LPC Blog

The Library Publishing Coalition Blog is used to share news and updates about the LPC and the Library Publishing Forum, to draw attention to items of interest to the community, and to publish informal commentaries by LPC members and friends.

Transitions is an occasional series where community members reflect on the things they have learned while moving from one institution to another or one role to another. 
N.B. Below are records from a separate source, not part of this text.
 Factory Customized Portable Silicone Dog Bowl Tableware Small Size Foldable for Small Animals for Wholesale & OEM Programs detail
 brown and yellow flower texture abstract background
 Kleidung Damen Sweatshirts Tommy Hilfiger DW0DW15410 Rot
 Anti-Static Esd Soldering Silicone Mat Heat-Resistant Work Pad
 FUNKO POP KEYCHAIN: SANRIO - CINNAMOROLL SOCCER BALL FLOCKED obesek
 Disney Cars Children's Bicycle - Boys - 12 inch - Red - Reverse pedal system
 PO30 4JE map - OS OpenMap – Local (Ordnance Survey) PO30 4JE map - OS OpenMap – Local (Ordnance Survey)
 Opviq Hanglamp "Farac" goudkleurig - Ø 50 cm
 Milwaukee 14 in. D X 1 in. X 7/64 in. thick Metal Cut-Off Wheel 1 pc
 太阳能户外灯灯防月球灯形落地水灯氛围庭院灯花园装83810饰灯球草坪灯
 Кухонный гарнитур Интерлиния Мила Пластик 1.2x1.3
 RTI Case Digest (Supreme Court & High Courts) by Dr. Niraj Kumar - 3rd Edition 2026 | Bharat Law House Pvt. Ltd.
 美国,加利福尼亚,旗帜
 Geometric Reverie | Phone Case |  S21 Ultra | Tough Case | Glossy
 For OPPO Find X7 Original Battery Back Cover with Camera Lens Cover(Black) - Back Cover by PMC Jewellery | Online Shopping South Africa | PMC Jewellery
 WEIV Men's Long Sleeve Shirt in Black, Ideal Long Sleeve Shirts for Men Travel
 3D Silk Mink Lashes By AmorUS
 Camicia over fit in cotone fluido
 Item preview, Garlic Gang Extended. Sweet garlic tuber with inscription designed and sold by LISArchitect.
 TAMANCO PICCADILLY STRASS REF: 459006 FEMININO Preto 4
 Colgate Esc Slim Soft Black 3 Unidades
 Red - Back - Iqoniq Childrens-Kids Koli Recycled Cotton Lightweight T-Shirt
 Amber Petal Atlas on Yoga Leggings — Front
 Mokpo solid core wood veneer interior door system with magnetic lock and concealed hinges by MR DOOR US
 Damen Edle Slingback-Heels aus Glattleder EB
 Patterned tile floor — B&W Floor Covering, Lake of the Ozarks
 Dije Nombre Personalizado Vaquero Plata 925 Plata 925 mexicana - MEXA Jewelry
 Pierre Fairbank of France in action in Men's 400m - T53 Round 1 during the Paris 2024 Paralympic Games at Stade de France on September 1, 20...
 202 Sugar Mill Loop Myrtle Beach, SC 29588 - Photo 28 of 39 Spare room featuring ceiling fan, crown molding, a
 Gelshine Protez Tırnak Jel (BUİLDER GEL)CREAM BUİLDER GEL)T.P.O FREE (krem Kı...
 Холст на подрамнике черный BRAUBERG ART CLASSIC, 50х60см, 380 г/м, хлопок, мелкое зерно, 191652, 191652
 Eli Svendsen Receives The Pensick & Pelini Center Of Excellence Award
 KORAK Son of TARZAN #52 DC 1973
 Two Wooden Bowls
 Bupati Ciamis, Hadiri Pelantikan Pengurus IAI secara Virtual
By Cheryl E. Ball, Wayne State University

I’m still searching for the correct terminology to describe my previous life in the academy: For almost 20 years, I worked towards and then became a professor (little P), both tenure-track and tenured, in English departments at three different U.S. universities. (I used to just say I was “faculty” but since librarians can also be faculty, I’ve found that terminology confusing since I transitioned to library-land.) As a grad student and professor, I taught multimodal composition, print production, web design, and in the latter years a lot of digital editing and publishing classes that built on my industry and academic experience in publishing. I was also researching multimodal composition practices–essentially the classroom-based version of the editorial work I was doing with authors at the scholarly multimedia journal Kairos: Rhetoric, Technology, and Pedagogy. While editor, I’ve been able to study how authors are mentored and revise their work, how webtexts are peer reviewed and design-edited, how editorial workflows for scholarly multimedia are different (or not) from print-based publishing workflows, how the infrastructure of independent digital publishing is made possible (but not necessarily sustainable) on no budget, how the foibled preservation tactics of most born-digital scholarship is disastrous for the scholarly record, and more.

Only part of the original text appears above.